Natural splines with knots at the quintiles were applied to model the quantitative variables, including the time of vaccination, age at data collection, and serum concentration of anti-EBOV GP1,2 IgG antibodies at baseline. The selection of five knots was based on the best minimization of the Akaike information criterion for the three nonlinear variables.

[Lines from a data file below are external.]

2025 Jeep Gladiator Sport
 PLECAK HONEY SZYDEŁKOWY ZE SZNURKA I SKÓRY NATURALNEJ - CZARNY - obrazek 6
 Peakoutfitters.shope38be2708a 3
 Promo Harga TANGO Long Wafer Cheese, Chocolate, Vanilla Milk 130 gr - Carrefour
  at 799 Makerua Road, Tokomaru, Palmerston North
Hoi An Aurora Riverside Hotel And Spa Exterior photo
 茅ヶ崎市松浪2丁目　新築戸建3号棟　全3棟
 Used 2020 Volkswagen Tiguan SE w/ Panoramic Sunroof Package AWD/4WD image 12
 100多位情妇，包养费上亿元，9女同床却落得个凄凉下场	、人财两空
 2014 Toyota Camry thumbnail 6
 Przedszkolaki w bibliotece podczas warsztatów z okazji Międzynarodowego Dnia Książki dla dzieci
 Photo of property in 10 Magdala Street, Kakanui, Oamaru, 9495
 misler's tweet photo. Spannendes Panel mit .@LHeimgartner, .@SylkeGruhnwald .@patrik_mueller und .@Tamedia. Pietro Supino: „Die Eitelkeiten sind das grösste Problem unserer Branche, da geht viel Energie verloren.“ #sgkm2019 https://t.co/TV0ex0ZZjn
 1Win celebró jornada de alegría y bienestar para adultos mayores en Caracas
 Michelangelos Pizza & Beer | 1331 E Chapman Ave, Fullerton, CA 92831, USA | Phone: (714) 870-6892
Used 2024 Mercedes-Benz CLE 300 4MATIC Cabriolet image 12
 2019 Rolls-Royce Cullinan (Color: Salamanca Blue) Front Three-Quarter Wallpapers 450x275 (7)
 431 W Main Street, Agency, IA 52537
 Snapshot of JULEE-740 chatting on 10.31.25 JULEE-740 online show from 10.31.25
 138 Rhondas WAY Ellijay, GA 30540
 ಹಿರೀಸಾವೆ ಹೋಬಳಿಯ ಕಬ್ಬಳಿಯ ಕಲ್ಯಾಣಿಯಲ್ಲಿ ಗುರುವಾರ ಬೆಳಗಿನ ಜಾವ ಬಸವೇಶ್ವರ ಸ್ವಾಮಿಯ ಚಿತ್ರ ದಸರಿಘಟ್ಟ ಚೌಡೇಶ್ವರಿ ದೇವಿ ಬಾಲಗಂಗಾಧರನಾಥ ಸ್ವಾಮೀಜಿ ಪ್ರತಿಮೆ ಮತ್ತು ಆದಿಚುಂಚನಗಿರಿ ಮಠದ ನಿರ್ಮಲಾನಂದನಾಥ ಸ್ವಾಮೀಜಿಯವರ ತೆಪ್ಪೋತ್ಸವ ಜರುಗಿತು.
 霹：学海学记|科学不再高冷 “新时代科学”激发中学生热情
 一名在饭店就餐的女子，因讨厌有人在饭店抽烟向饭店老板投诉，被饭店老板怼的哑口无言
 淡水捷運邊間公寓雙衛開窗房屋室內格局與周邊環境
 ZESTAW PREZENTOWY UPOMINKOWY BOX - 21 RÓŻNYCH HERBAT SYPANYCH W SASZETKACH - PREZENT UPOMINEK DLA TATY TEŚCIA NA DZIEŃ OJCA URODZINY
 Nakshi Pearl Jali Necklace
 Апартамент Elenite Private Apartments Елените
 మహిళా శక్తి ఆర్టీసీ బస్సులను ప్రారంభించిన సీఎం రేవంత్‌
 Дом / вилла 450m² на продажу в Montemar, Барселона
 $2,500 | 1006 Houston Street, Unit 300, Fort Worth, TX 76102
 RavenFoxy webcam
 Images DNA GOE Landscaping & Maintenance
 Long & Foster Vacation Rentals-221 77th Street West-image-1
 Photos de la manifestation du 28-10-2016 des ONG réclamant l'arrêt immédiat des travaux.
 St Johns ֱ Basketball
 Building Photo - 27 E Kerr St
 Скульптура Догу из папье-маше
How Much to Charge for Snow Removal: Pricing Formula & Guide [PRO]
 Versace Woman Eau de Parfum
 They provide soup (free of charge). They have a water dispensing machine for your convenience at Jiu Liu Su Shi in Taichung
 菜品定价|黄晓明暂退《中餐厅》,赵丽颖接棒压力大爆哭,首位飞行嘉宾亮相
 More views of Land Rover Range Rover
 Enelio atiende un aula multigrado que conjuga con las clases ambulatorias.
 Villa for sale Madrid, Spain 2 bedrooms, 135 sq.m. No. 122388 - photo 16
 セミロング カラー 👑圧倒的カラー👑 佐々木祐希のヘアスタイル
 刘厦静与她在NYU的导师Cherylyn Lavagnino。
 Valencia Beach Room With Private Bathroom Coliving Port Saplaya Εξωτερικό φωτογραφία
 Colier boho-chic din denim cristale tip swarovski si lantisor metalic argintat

Due to the complexity of directly interpreting spline-estimated parameters, we calculated the ratio of antibody concentrations at 12 mo post-vaccination, as predicted by the model, for a given vaccination time H relative to a reference time (arbitrarily set at 1000 h) for each participant profile. This reference time was chosen solely for interpretability and does not correspond to a hypothesis-driven comparison or to a peak in the distribution of vaccination times. The primary inference regarding the effect of vaccination timing relied on the overall association captured by the spline model. Bootstrap methods were used to calculate 95% CIs for this ratio at each tested vaccination time point. A total of 1,000 simulated datasets were generated based on the original data. Then, graphs were created to visualize the ratio’s evolution over time, offering a clear representation of the temporal effect on antibody concentration. Analyses were conducted on available data, and missing values were considered missing at random and evenly distributed across the study arms. An effect was considered statistically significant if the p-value was less than 0.05 using the Wald test. Subsequently, p-values were adjusted for multiple comparisons at each vaccination time using the Benjamini-Hochberg correction method [37]. All analyses were performed with R, version 4.3.2 (R Foundation for Statistical Computing) [38].
Results
Study population
Data were from 1,859 participants recruited into the PREVAC trial: 739 to the rVSV arm, 371 to the rVSV-booster arm, and 749 randomized to the Ad26-MVA arm (Fig A in S2 Text). Participant characteristics are summarized in Table 1. The median age (interquartile range [IQR]) across all vaccination arms was 17 yr (8–27). The age, sex, study site, and anti-EBOV IgG levels of >200 Elisa units/mL (EU/mL) prior to vaccination were well-balanced among arms. Study sites were located in Guinea (36%), Liberia (18%), Mali (23%), and Sierra Leone (23%). In the Ad26–MVA and rVSV–booster arms, the peak anti-EBOV IgG response was observed at 3 mo (28 days after administration of the second dose). In contrast, in the rVSV single-dose arm, the peak response occurred earlier, at 28d (Table A in S2 Text).
Time of vaccination
The times for first dose were 0918–2038 h and second dose were 0856–2113 h (Fig 1 and Table B in S2 Text). Most vaccinations were during midday hours (1100–1400 h), accounting for 70% of first dose (Day 0) and 50% of second dose (at 56 d). Vaccines administered before 1100 h represented 14% of first dose and 37% of second dose, whereas those administered after 1500 h accounted for 16% of first dose and 13% of second dose (Table B in S2 Text).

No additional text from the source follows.